At the Dixons, Currys and PC World group, DSG International - Britain's largest electrical goods retailer - Christmas trading was miserable enough to blow a £50 million hole in profit forecasts.
Shares in the group, which until last month was a constituent of the FTSE 100 index, crashed more than 20 per cent in response.
PC World was the worst performer within the group, with sales falling by 10 per cent as customers shunned purchases of desktop computers and laptops.
There was an even more dramatic reaction at sofas group Land of Leather, which saw its shares slump by more than 50 per cent as it issued a shock profits warning. Putting the blame squarely on the slowdown in consumer spending in the aftermath of the credit crunch, it said that its dwindling band of customers was trading down to less expensive models and warned that profits will fall significantly short of last year.
It's not just the retail sector - shares in budget airline EasyJet suffered their worst one-day fall in more than 3½ years yesterday. While its passenger statistics for December revealed that while numbers were up last month, largely as a result of new routes, it is struggling to fill its aircraft.

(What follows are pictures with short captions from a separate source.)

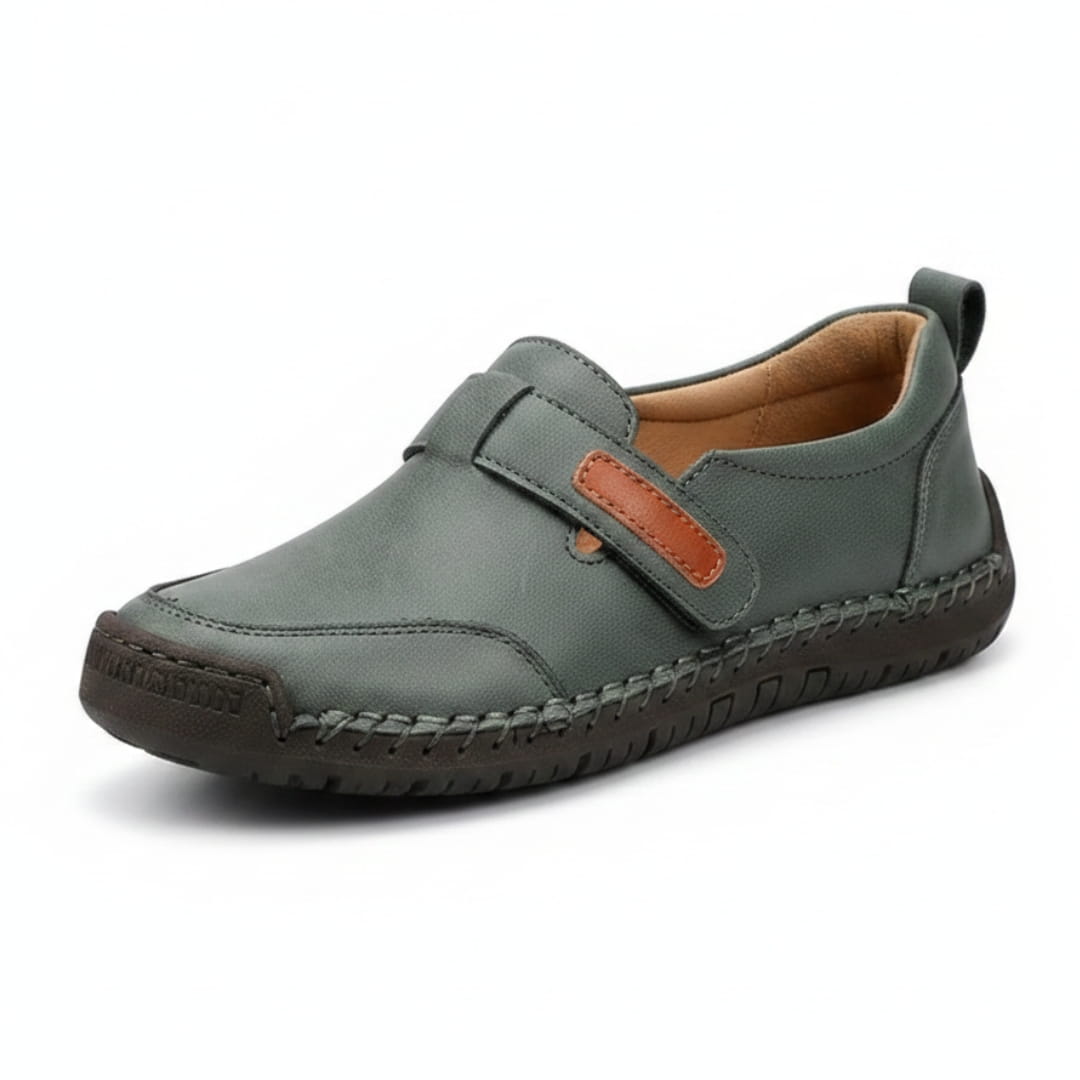 Mila Chaussures Décontractées à Enfiler – Bride Velcro Semelle Flexible Confort Quotidien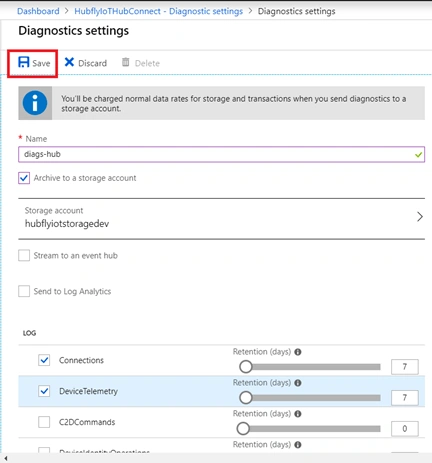 How To Setup Diagnostic Logs With An IoT Hub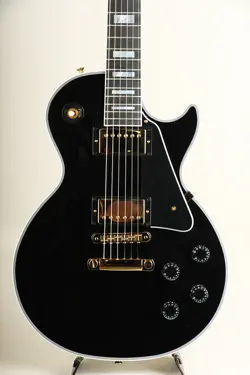 GIBSON CUSTOM SHOP LES PAUL CUSTOM EBONY W EBONY BOARD GLOSS S N:CS404006 2024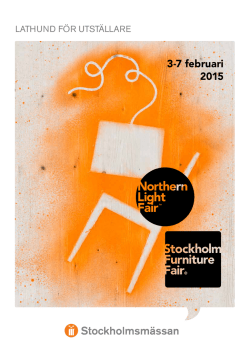 Lathund - Stockholm Furniture & Light Fair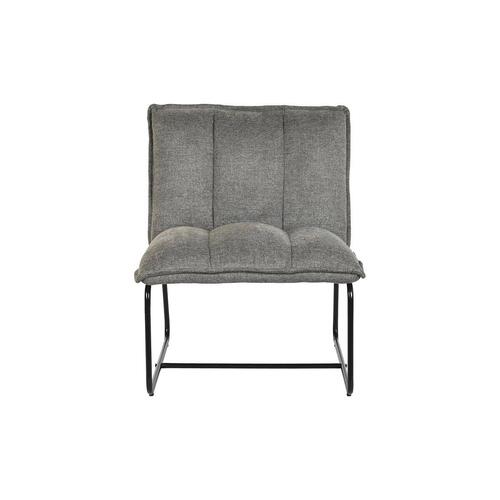 Lænestol Sort Grå Metal 66 x 71 x 77 cm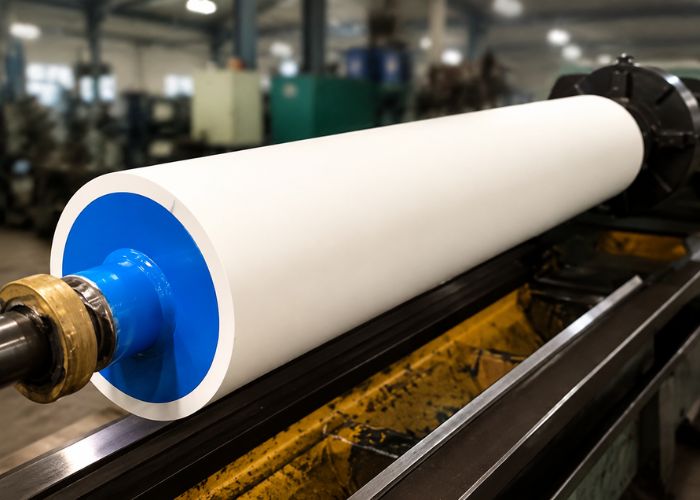 Hệ thống rulo ép màng chất lượng cao giúp tối ưu cơ chế cán màng bao bì phẳng mịn và đồng đều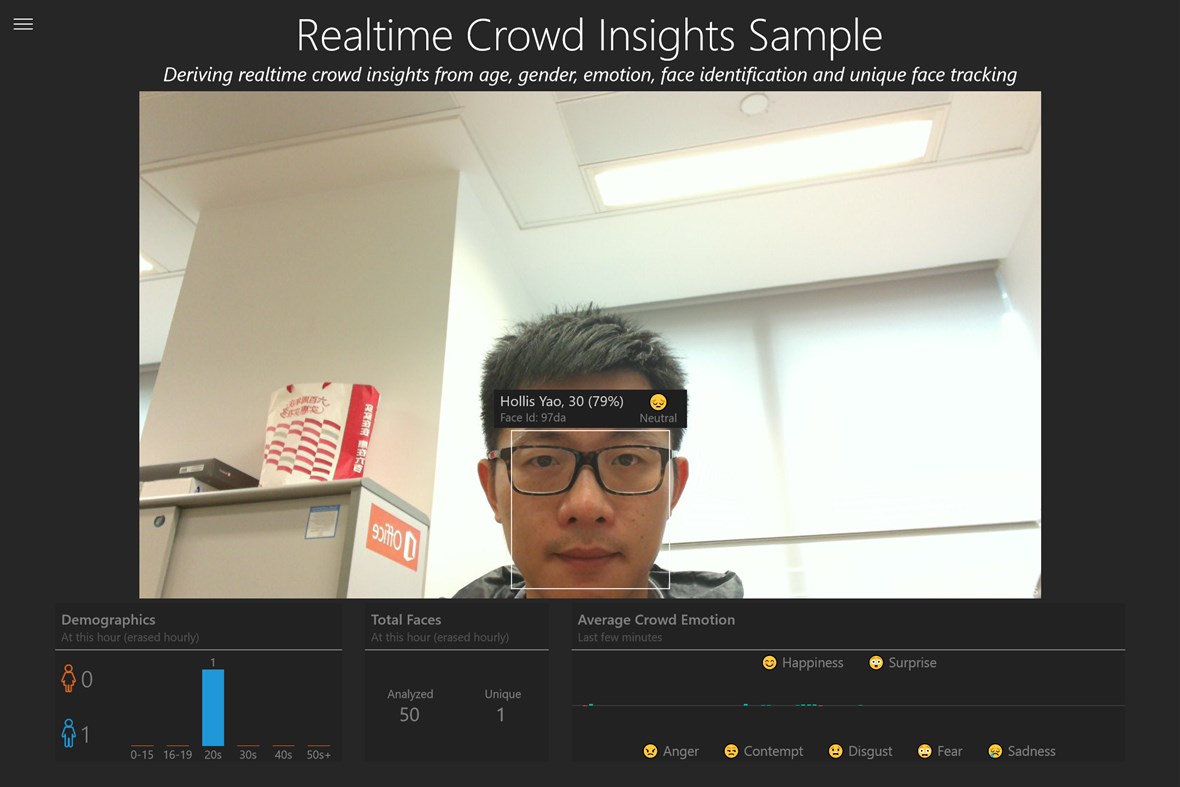 #2. Cognitive Services Demos (Windows) 由: Hollis Yao（尧敏华）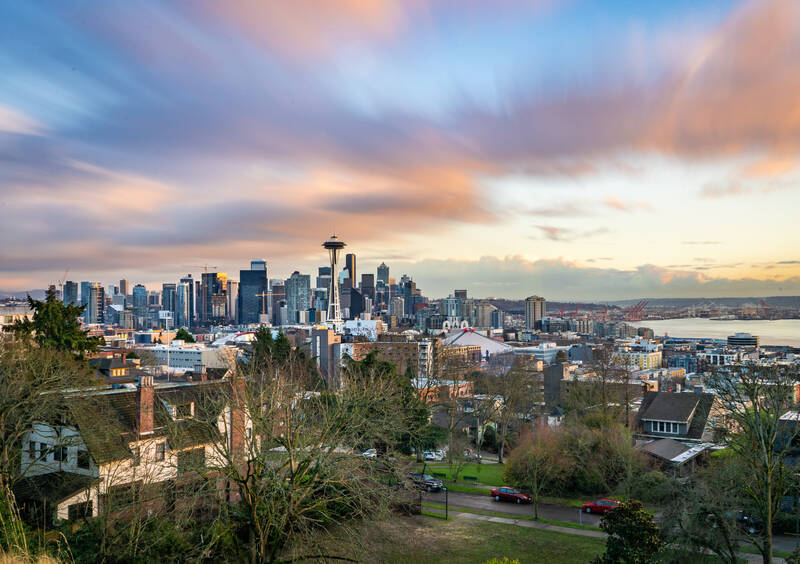 Photo of the Seattle skyline from Kerry Park. Winter 2018.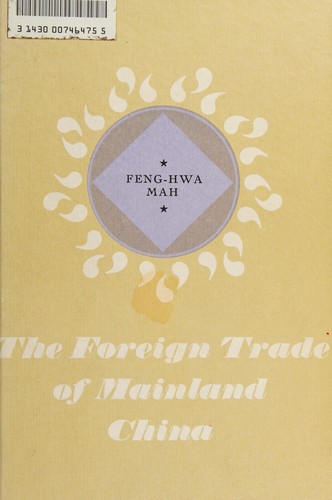 The foreign trade of mainland China.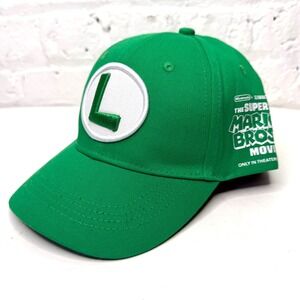 Super Mario Bros Movie (2023) Luigi Green Baseball Hat‎ Promotional Cap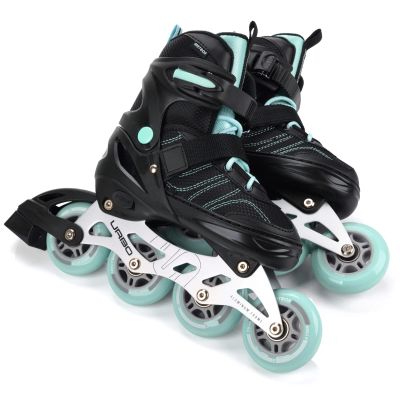 20. Meteor Rollschuhe L 38-41 Urbo Schwarz/Mint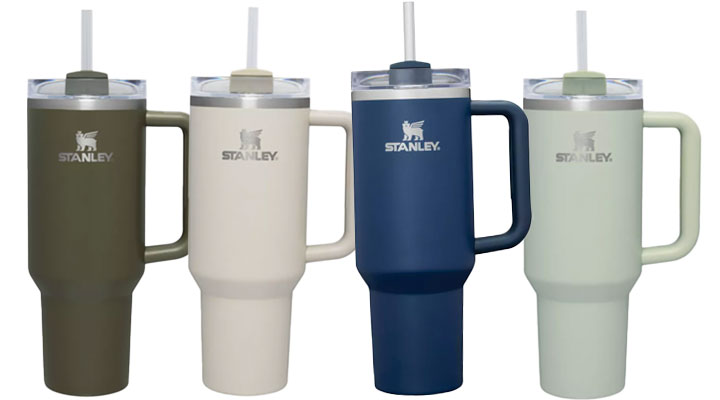 Smiley TMC Tumbler, Stanley Dupe - Nude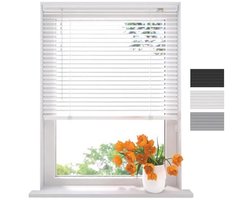 Aluminium Jaloezieën 25 mm - Wit - 50 x 130 cm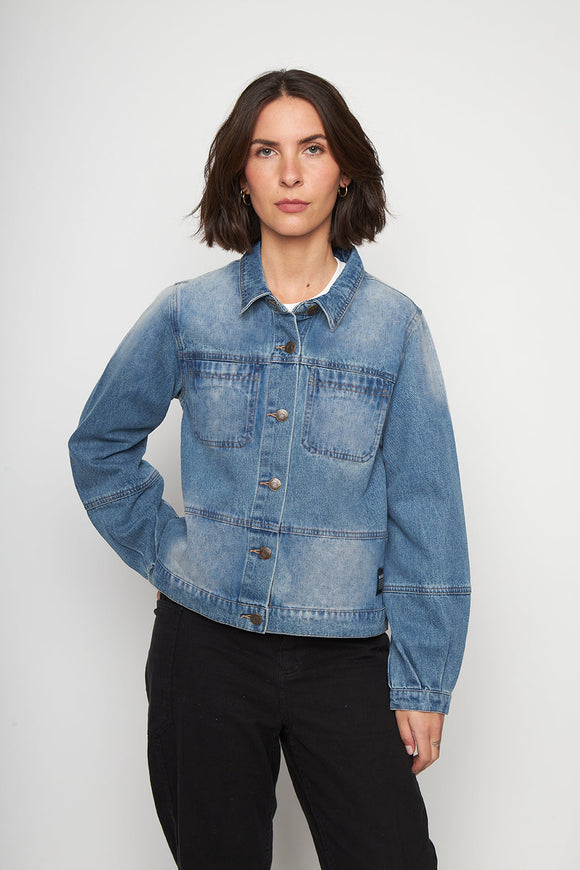 Chaqueta Freya Orgánica Denim Mujer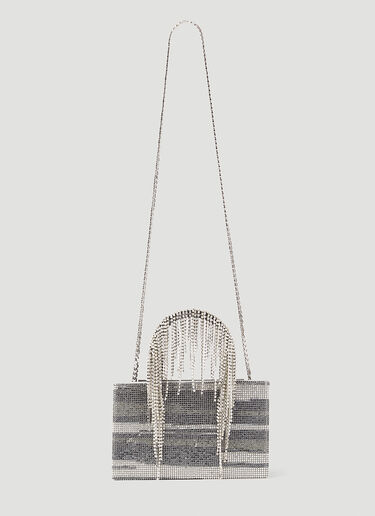 Streaking Fringe Tote Bag KARA Streaking Fringe Tote Bag Black kar0251004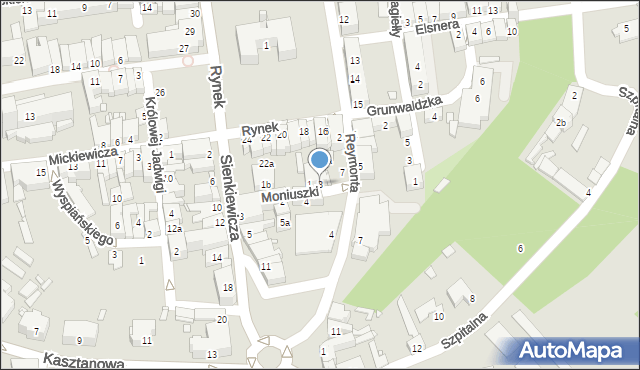 Grodków, Moniuszki Stanisława, 3, mapa Grodków
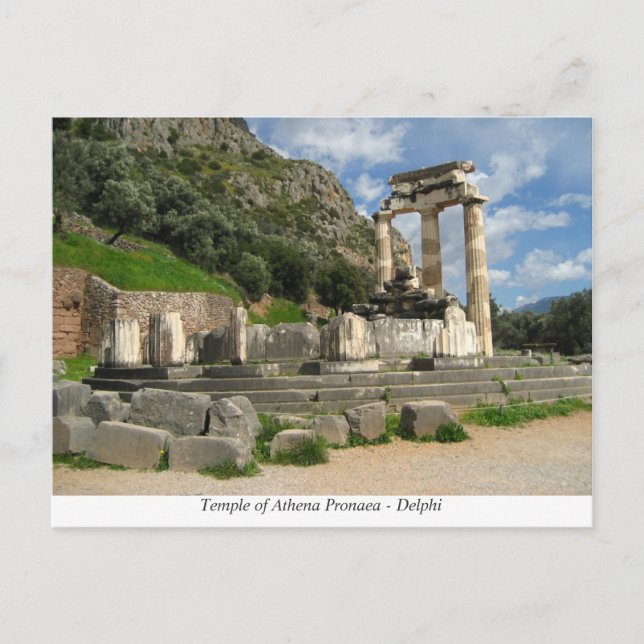 Carte Postale Temple d'Athena Pronaea (Devant)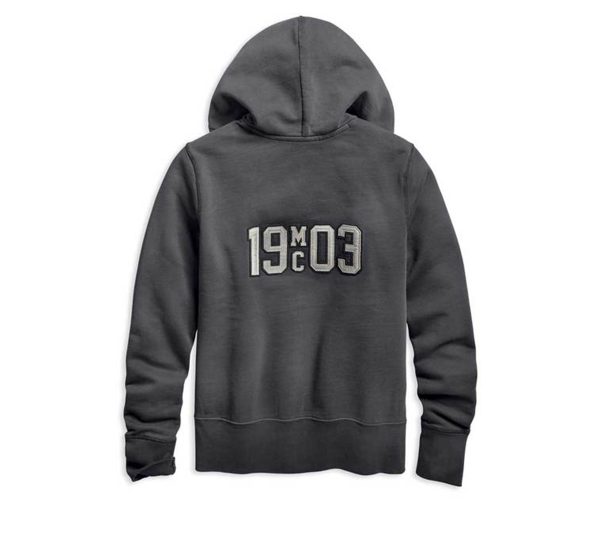 Women's Double Layer Felt Letter Hoodie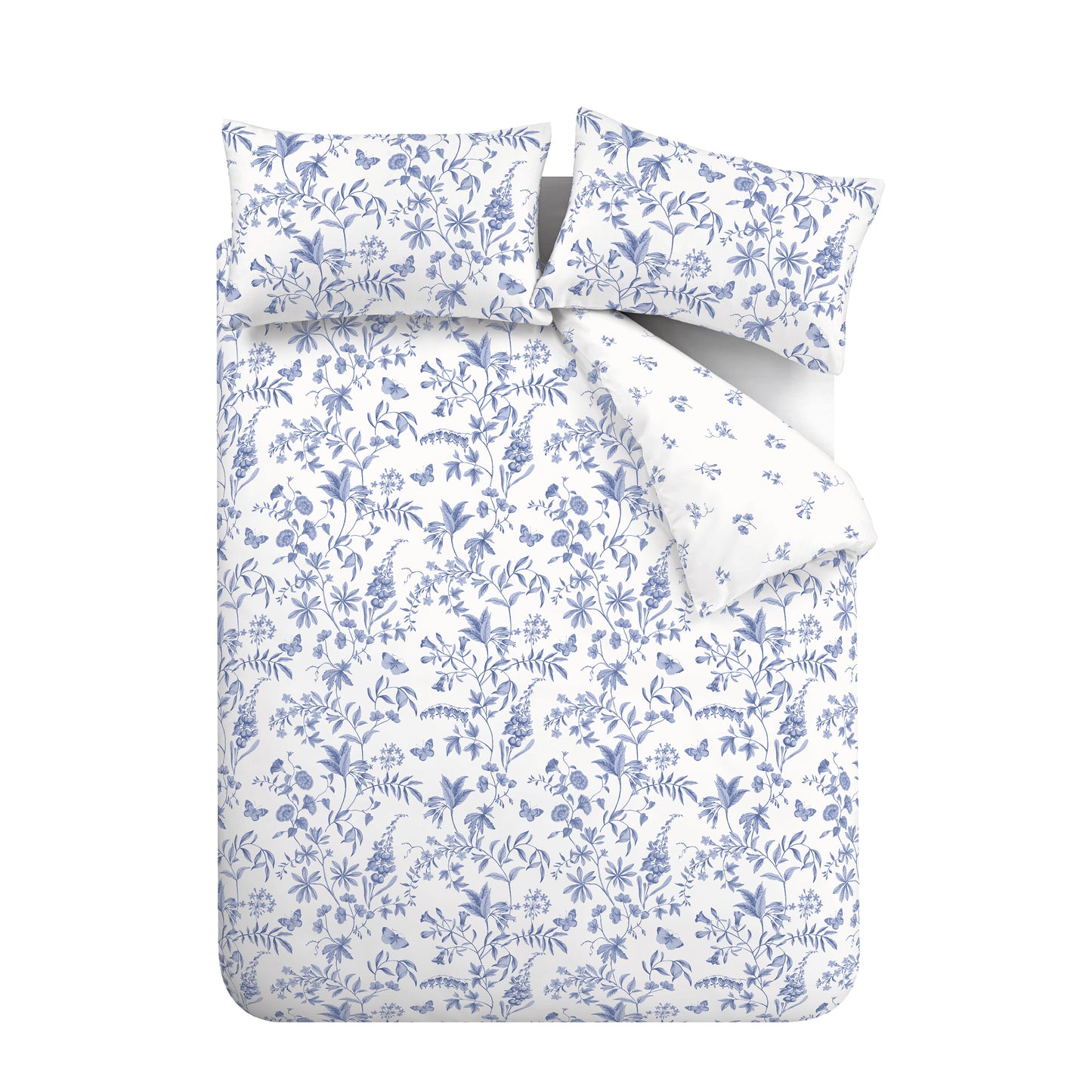 Bianca Thea Floral Duvet Cover Set - Blue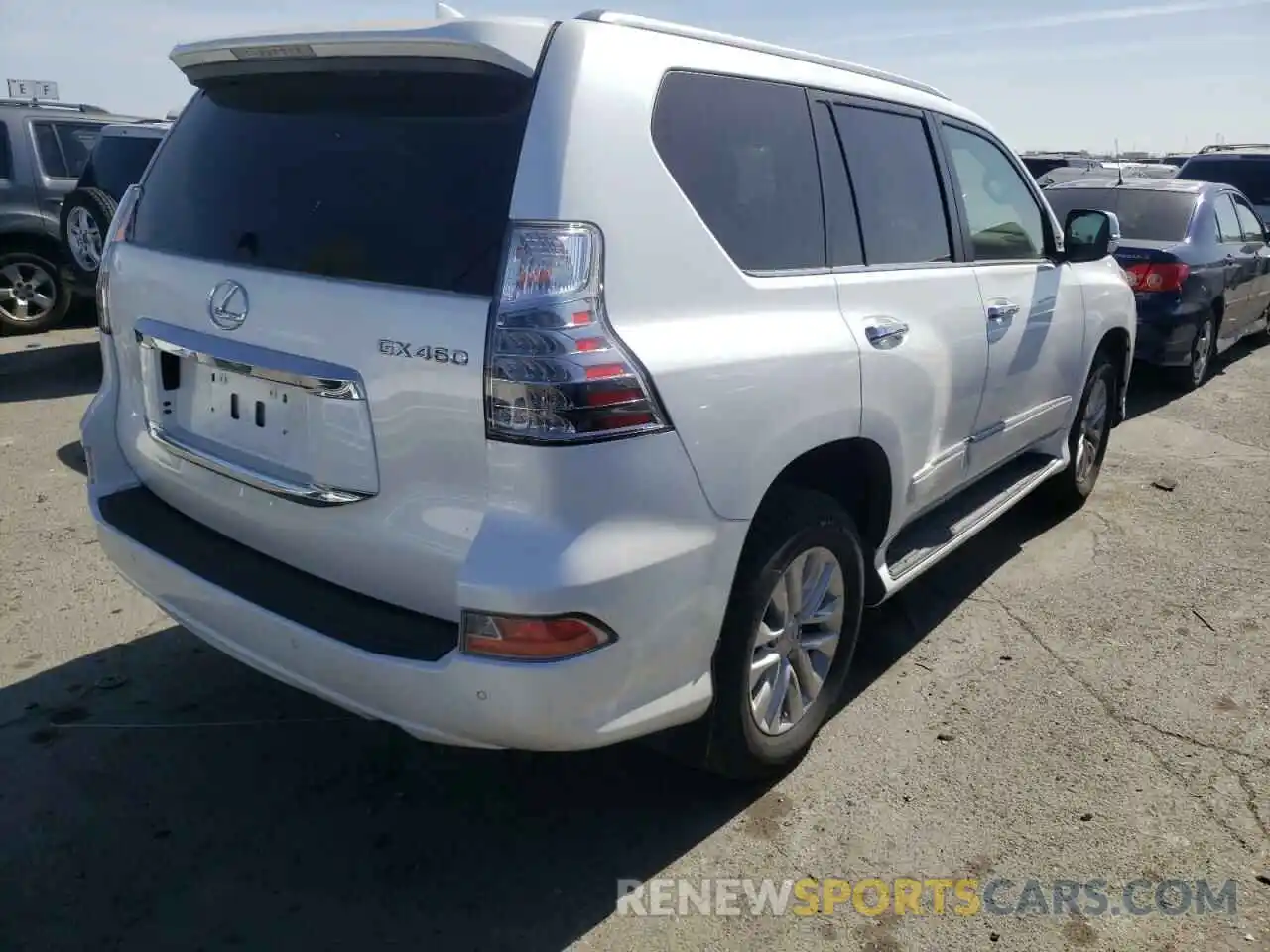 4 Фотография поврежденного автомобиля JTJBM7FX0K5215584 LEXUS GX 2019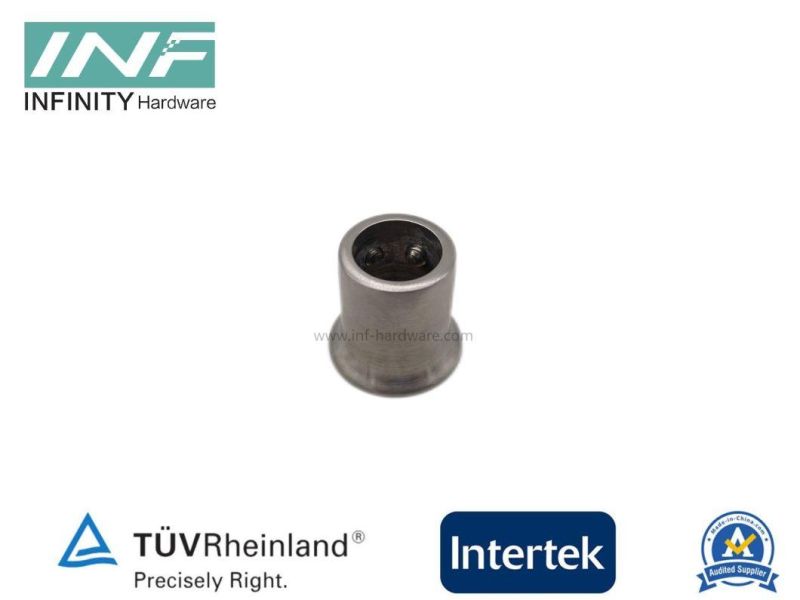 Brass Tube to Wall Mounted Shower Connector for Glass Fitting with Adjustable Function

The City of London, meanwhile, is facing its toughest time in a generation, with banks and building societies bracing themselves for the sharpest fall in profits since the recession of the early 1990s, according to a recent survey.
All of which makes the task of the Bank of England's Monetary Policy Committee, which meets this week to decide on UK interest rates, even more difficult than usual. The committee starts its two-day meeting today and will reveal its decision at noon tomorrow.
Retailers and the manufacturing industry are calling for a cut of at least quarter or even half a point in rates from their current 5.25 per cent, warning that recession is inevitable unless there is a pick-up in consumer confidence.
As usual, however, the committee will have to balance the impact of a cut in rates on inflation.
Inflationary pressures are being stoked not only by higher mortgage payments, but by the 15 per cent jump in fuels bills faced by millions of British households after Britain's fourth largest energy supplier, Npower, said it was raising its prices. As oil hovers around the $100 a barrel mark, rival energy providers are expected to follow Npower's lead.
On balance, the MPC is expected to resist calls for a rate cut this month, but, with few signs of relief amid the economic gloom that has shrouded the start of the new year, it could soon decide that the risk of inflation is outweighed by the growing threat of recession.